Tres ejemplos, tomados del área crítica –con ramificaciones en la cohesión de nuestras sociedades y nuestra seguridad– que es la cuestión migratoria, ilustran esta dinámica: España firmó desde 2002 acuerdos bilaterales de readmisión de inmigrantes «ilegales» o «irregulares» con distintos países africanos, bajo la indiferencia porque «no incumbía al proyecto común» –cuando no incomprensión– de socios e instituciones; y es preciso esperar hasta 2016 para que Bruselas los erija en ejemplo de actuación. Algo similar le ocurrió al primer ministro italiano Enrico Letta; ante la tragedia y número de los cadáveres varados en sus playas, propuso en el otoño de 2013 una actuación conjunta de rescate marino; «asunto bilateral» fue la respuesta comunitaria (también hubo quien la descalificó por «efecto llamada»); Italia puso en pie y sufragó (nueve millones mensuales) la iniciativa en solitario, hasta que más de un año después Frontex tomara el relevo (con un tercio de presupuesto). Finalmente, en 2016, la canciller Merkel negoció personalmente con el presidente turco, Recep Tayyip Erdogan, el trato para enfrentar y regular los flujos de migrantes, en su mayoría huidos de la terrible guerra que asolaba Siria, que desbordaron desde Europa Central hacia Alemania en el verano–otoño de 2015. Este pacto –de la Unión en su conjunto desde el primer momento– con envergadura de 6.000 millones de euros acarrea un desequilibrio de fondo y de percepción (asunto relevante) con el ultimado en 2018 con Marruecos; no solo en términos de monto actual –140 millones– sino en términos de futuro.

Una segunda reflexión pertinente se refiere al poder –o más exactamente a su ausencia–. No es casualidad que la inestabilidad –cuando no el caos– que aflige al Mediterráneo en la última década coincida con la retirada de EEUU de la región: sin alharacas en tiempo de Barack Obama y con redoble de tambores en la Presidencia de Donald Trump. El vacío creado y el éxito del apoyo de Moscú al régimen de Bashar Asad en Siria, se interpretó por algunos como el alumbramiento de un área de influencia rusa, sin tener en cuenta que Putin está volcado en la desestabilización más que en planteamientos asertivos. Lo que se consolida es un entramado de ambiciones que embrolla, junto con Rusia, a los Estados del Golfo, Irán y Turquía. La UE está virtualmente ausente o, como en el caso de Libia, sus miembros (paradigmática es Francia) actúan sin implicar a las instituciones. Mientras, un envalentonado Erdogan prodiga actuaciones y declaraciones de confrontación (la campaña contra Emmanuel Macron es una buena ilustración).

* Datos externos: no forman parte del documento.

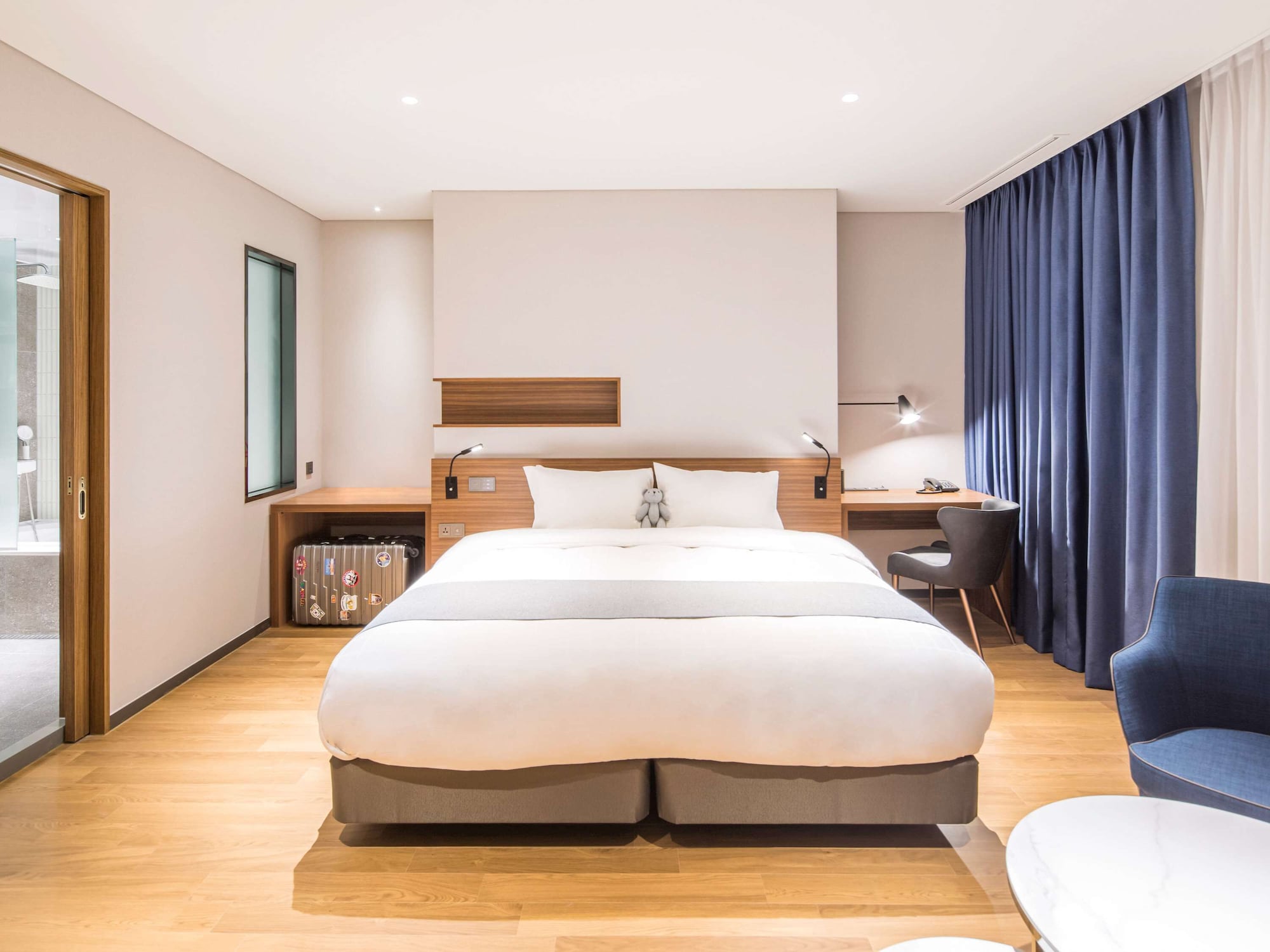 JUNIOR SUITE, KING BED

La situación bordea el descontrol. Se necesita presencia estructurada. Colmar el vacío. Con Joe Biden muchos conciudadanos esperan recuperar el liderazgo de EEUU. Que se producirá –«America is back» ha sido uno de los primeros mensajes del ganador de las elecciones–, pero que no entraña una vuelta al pasado. Veremos un liderazgo distinto, aglutinador, de fomento de coaliciones multilaterales. Bajen a la realidad quienes proyectan un retorno triunfal de la Sexta Flota entre las prioridades de la nueva administración. Antony Blinken, el nominado para ocupar la cartera de «State» –Exteriores– lo ha expresado claramente: a la vista de los múltiples retos que aguardan al nuevo gobierno, EEUU «dispondrá de menos tiempo y recursos» para Oriente Próximo. Y Jake Sullivan, designado como «National Security Advisor», tiene publicada su apuesta por un diálogo estratégico regional que involucre e integre a actores de la zona.

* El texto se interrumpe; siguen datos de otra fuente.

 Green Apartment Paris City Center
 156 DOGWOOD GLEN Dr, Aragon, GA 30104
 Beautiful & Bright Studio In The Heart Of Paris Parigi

Así pues, nos toca a los europeos. Últimamente, el debate sobre el significado de la «autonomía estratégica» copa espacio intelectual. ¿No deberíamos empezar por reflexionar sobre la necesidad –y alcance– de la proyección de la Unión en nuestro entorno más conflictivo? Ha llegado el momento de mostrar que podemos aportar estabilidad. De evidenciar nuestra presencia. Y nuestro interés (no sólo en la prosperidad sino también) en la seguridad regional. No podemos seguir contemplando pasivamente cómo se provocan incendios que más pronto que tarde nos alcanzan. Hemos de asumir que el amigo americano no está por la labor. El Mediterráneo nos incumbe. A todos. De Vilna a Lisboa, de Roma a Budapest.